しかし、アールヴへイムって初めて聞いたな。かっこいい響きだけど。
「ふーん、じゃあなんでこの国に来たんだ? この辺でエルフなんて珍しいじゃん」
「あなた、若そうなのにエルフのことを知っているのね……まあ、退屈だったからよ」
「ふーん……まあそんな感じするもんな」
拒否しても結局ご主人様命令が行使されるのが分かったのだろう。素直に答えてくれた。
俺がエルフについて知っているのにちょっと驚いている感じであるが。
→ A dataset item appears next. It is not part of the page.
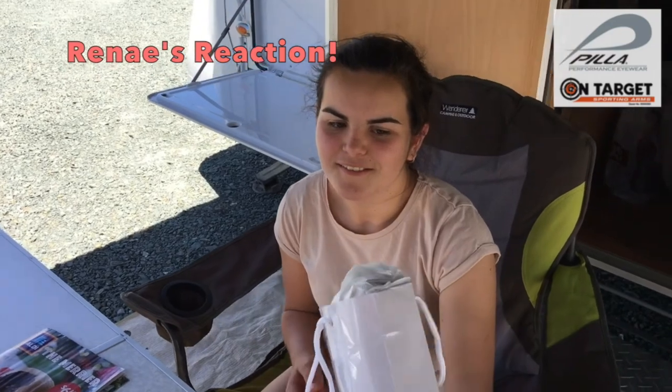Thanks everyone for watching and thanks to Pila Australia — I love shooting in Pila glasses. These are for Ashlyn, and dad and mum, for your first state titles.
そう言われてもエルフなんて異世界の定番なんだから知ってて当然だろ。舐めんなと言いたい。
で、理由については納得できる。こいつは多分面白いことを求めて冒険したがるタイプだ。なんとなく。
「……で、今のを聞いて何をするつもりなのよ?」
「いや? 何も。気になっただけだ」
俺がこの情報を聞いて何かすると警戒していたようだが、何をどう悪用するのだろう。謎だ。
「……本当にそうかしら」
何故か訝しげな目で俺を見てくる。なんで俺はこんなに信用が無いんだろうか。
ヘレナさんにも信用されてなかったし、ちょっと悲しくなる。
「ま、まあ、俺もエルフの国なんてあったら観光してみたいな、ぐらいは思ったけど」
エルフの国って響きだけでなんだか神秘的な感じがする。そんなものがあるなら死ぬまでに一目見ておきたい。
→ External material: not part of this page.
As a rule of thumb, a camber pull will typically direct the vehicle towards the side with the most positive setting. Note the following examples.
そう思ってしまったのは事実だったので、正直に伝えたが、
「そんなあなたにとっては残念だけど、あの国は基本的に人間は立ち入り禁止よ」
と、そんな希望は彼女の言葉によって切り捨てられる。何か理由がありそうだ。
「なんで?」
「……流石にそれは私の口から言いたくないわ」
ご主人様命令を使ったら聞き出せるが、彼女は言いたくないらしい。過去に負の歴史でもあったのだろうか。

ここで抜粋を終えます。